“Lydia,” said her father abruptly. “You’re a big girl now. You asked for skates and a sled for Christmas. My child, I don’t see how you children are going to have anything extra for Christmas, except perhaps a little candy and an orange. That note with Marshall comes due in January. By standing Levine off on the rent, I can rake and scrape the interest together. It’s hopeless for me even to consider meeting the note. What Marshall will do, I don’t know. If I could ever get on my feet—with the garden. But on a dollar and a half a day, I swan—”
“No Christmas at all?” quavered Lydia. “Won’t we even hang up our stockings?”
“If you’ll be contented just to put a little candy in them. Come, Lydia, you’re too big to hang up your stocking, anyhow.”

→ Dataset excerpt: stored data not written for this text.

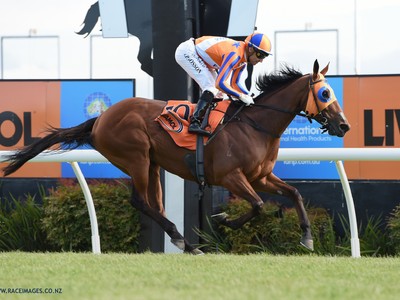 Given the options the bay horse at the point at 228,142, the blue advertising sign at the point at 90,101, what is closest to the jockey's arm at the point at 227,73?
the bay horse at the point at 228,142

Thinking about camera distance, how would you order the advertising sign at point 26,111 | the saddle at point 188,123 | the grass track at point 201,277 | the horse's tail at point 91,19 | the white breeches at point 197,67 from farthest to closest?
the horse's tail at point 91,19
the advertising sign at point 26,111
the white breeches at point 197,67
the saddle at point 188,123
the grass track at point 201,277

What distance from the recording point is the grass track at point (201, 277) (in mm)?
3857

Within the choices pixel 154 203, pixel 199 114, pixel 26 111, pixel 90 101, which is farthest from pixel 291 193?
pixel 26 111

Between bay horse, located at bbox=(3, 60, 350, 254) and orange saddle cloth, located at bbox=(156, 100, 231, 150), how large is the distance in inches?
2.1

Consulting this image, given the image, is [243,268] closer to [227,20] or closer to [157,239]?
[157,239]

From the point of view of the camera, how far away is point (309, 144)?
7.71 metres

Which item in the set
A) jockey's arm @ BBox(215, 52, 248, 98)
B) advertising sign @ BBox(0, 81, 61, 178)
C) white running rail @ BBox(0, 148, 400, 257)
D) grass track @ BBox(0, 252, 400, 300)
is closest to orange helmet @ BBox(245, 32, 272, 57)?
jockey's arm @ BBox(215, 52, 248, 98)

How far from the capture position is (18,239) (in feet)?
24.7

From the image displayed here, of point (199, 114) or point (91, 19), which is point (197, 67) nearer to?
point (199, 114)

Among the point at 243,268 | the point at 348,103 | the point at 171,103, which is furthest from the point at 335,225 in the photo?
the point at 243,268

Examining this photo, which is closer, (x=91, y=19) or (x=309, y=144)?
(x=309, y=144)

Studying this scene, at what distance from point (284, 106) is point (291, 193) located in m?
0.61

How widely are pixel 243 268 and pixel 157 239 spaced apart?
2.40 metres

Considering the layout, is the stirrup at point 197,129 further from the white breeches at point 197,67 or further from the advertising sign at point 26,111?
the advertising sign at point 26,111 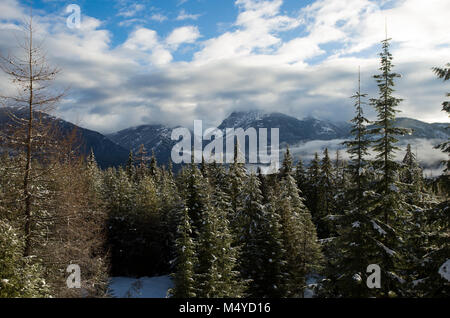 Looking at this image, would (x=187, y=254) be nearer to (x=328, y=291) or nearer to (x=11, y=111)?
(x=328, y=291)

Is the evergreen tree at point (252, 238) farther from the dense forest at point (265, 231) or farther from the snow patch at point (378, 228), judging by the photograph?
the snow patch at point (378, 228)

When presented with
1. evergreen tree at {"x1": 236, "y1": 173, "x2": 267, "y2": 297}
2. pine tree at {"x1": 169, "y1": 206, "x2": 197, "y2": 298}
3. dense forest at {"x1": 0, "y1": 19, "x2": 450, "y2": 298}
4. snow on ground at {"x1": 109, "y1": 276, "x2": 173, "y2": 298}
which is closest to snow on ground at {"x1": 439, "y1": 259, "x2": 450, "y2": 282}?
dense forest at {"x1": 0, "y1": 19, "x2": 450, "y2": 298}

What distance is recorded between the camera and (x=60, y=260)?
577 inches

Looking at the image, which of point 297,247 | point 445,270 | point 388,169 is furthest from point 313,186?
point 445,270

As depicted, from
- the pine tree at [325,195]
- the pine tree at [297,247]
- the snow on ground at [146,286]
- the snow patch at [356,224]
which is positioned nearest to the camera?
the snow patch at [356,224]

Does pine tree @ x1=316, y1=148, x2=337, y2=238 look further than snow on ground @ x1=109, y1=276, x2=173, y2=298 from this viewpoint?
Yes

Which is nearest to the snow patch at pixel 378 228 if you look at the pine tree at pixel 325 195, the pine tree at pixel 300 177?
the pine tree at pixel 325 195

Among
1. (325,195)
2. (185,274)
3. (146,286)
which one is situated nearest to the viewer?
(185,274)

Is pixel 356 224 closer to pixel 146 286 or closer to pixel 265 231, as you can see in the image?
pixel 265 231

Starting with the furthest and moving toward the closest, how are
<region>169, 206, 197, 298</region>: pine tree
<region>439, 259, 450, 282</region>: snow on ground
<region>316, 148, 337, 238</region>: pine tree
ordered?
<region>316, 148, 337, 238</region>: pine tree < <region>169, 206, 197, 298</region>: pine tree < <region>439, 259, 450, 282</region>: snow on ground

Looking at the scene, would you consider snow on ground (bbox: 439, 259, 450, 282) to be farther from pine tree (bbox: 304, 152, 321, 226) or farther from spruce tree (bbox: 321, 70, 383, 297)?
pine tree (bbox: 304, 152, 321, 226)

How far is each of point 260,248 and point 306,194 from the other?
30.3m

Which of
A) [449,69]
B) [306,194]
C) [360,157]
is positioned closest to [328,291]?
[360,157]

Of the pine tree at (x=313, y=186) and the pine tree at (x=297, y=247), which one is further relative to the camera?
the pine tree at (x=313, y=186) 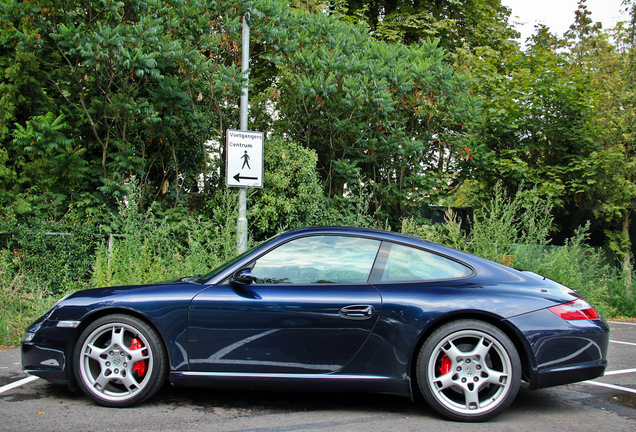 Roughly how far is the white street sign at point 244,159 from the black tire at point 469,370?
5.29 m

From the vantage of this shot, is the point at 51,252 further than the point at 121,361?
Yes

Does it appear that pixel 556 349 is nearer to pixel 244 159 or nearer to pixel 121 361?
pixel 121 361

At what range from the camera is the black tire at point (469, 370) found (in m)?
3.63

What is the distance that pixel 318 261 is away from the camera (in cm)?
396

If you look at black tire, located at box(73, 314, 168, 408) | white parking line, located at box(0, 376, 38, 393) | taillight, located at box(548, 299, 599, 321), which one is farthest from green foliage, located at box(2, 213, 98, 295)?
taillight, located at box(548, 299, 599, 321)

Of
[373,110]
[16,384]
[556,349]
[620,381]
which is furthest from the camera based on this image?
[373,110]

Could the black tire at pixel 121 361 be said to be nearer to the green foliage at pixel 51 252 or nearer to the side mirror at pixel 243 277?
the side mirror at pixel 243 277

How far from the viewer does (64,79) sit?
942 centimetres

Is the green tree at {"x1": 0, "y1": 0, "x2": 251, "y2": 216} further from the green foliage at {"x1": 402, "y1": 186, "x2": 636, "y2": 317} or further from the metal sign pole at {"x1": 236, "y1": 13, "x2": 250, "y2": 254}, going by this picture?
the green foliage at {"x1": 402, "y1": 186, "x2": 636, "y2": 317}

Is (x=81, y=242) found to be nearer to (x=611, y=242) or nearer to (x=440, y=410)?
(x=440, y=410)

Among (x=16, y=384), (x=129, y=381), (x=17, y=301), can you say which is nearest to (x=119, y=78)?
(x=17, y=301)

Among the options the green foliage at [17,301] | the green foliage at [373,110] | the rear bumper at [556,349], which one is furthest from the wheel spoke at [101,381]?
the green foliage at [373,110]

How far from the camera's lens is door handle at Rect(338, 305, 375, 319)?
3656 millimetres

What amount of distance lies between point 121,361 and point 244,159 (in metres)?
5.05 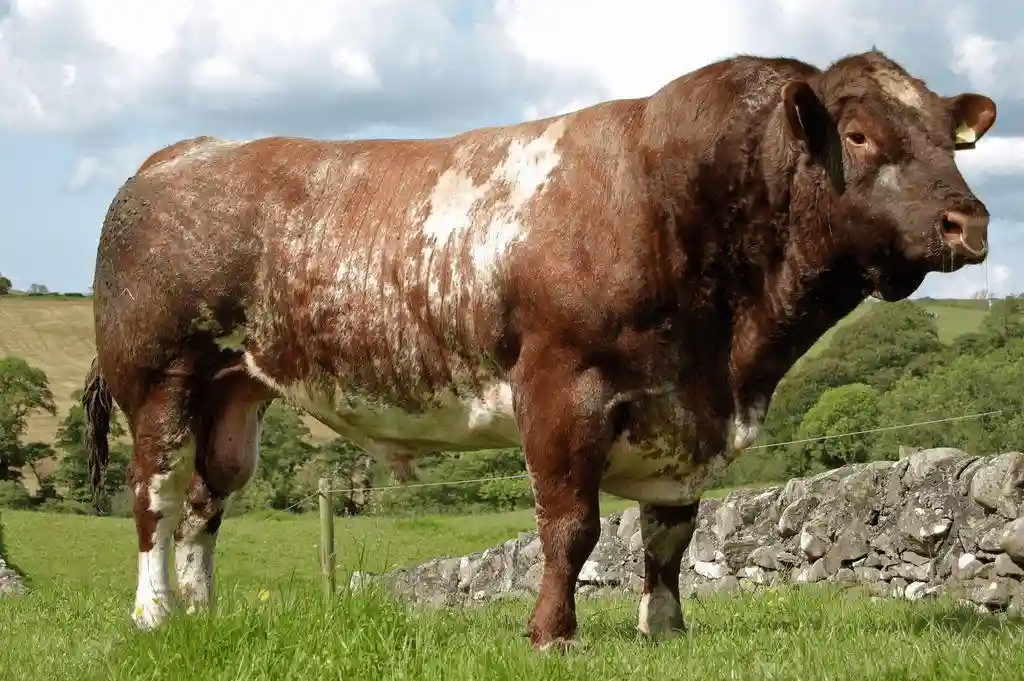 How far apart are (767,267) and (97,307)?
4132mm

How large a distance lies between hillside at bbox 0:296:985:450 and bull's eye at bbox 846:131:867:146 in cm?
3389

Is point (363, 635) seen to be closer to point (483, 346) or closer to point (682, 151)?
point (483, 346)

Lydia left her father and walked over to the window. She pressed her face against the pane and looked back to the lake. The sun was sinking in a gray rift of clouds. The lake was a desolate plain of silvery gold touched with great shadows of purple where snow drifts were high. As she looked, the weight on her chest lifted. The trembling in her hands that always came with the mention of money lessened. The child, even as early as this, had the greatest gift that life bestows, the power of deriving solace from sky and hill and sweep of water.

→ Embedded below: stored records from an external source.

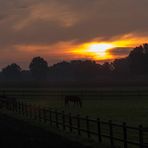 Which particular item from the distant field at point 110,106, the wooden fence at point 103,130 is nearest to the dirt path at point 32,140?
the wooden fence at point 103,130

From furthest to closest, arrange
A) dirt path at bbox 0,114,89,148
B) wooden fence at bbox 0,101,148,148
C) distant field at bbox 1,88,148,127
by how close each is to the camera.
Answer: distant field at bbox 1,88,148,127, dirt path at bbox 0,114,89,148, wooden fence at bbox 0,101,148,148

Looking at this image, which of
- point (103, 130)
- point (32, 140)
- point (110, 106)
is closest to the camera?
point (32, 140)

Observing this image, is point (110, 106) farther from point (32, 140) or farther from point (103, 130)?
point (32, 140)

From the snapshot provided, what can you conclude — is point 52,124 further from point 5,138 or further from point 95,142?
point 95,142

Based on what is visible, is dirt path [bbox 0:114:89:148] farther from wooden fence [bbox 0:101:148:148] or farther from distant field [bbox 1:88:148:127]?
distant field [bbox 1:88:148:127]

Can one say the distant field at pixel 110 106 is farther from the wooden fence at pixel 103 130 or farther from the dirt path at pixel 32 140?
the dirt path at pixel 32 140

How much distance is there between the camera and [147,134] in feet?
83.5

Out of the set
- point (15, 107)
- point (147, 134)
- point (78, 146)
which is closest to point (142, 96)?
point (15, 107)

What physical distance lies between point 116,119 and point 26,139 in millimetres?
14128

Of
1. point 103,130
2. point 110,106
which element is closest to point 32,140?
point 103,130

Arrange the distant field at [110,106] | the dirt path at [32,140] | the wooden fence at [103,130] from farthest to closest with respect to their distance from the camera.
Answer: the distant field at [110,106] < the dirt path at [32,140] < the wooden fence at [103,130]

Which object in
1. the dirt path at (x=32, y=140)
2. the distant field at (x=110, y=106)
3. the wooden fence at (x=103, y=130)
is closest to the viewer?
the wooden fence at (x=103, y=130)

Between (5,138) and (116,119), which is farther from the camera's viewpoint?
(116,119)

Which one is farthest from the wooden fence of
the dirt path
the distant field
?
the distant field
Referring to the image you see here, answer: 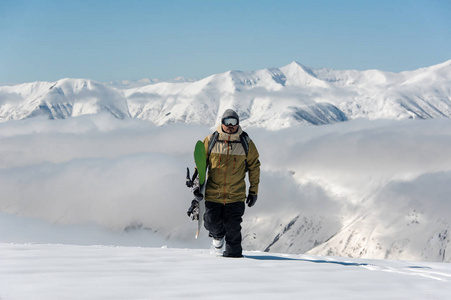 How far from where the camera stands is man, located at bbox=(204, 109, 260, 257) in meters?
11.2

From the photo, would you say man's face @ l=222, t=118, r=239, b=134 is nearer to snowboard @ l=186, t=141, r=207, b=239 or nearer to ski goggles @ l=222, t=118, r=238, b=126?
ski goggles @ l=222, t=118, r=238, b=126

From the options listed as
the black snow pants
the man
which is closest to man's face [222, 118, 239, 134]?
the man

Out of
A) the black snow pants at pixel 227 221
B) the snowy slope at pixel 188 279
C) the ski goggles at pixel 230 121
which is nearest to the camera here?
the snowy slope at pixel 188 279

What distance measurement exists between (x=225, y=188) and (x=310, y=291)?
4.94 metres

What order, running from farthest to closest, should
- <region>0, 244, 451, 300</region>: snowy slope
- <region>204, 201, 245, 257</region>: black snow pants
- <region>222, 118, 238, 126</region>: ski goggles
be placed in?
<region>204, 201, 245, 257</region>: black snow pants
<region>222, 118, 238, 126</region>: ski goggles
<region>0, 244, 451, 300</region>: snowy slope

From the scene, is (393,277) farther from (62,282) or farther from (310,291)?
(62,282)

“Anyhow,” she said to her father, “I’ve still got something to look forward to. I’ve got the doll house to give baby, and Mr. Levine always gives me a book for Christmas.”
“That’s a good girl!” Amos gave a relieved sigh, then went on with his brooding over his unlighted pipe.
And after all, this Christmas proved to be one of the high spots of Lydia’s life. She had a joyous 24th. All the morning she spent in the woods on the Norton farm with her sled, cutting pine boughs. As she trudged back through the farmyard, Billy Norton called to her.
“Oh, Lydia!”
Lydia stopped her sled against a drift and waited for Billy to cross the farmyard. He was a large, awkward boy several years older than Lydia. He seemed a very homely sort of person to her, yet she liked his face. He was as fair as Kent was dark. Kent’s features were regular and clean-cut. Billy’s were rough hewn and irregular, and his hair and lashes were straight and blond.
What Lydia could not at this time appreciate was the fact that Billy’s gray eyes were remarkable in the clarity and steadiness of their gaze, that his square jaw and mobile mouth were full of fine promise for his manhood and that even at sixteen the framework of his great body was magnificent.
He never had paid any attention to Lydia before and she was bashful toward the older boys.
“Say, Lydia, want a brace of duck? A lot of them settled at Warm Springs last night and I’ve got more than I can use.”
He leaned his gun against the fence and began to separate two birds from the bunch hanging over his shoulder.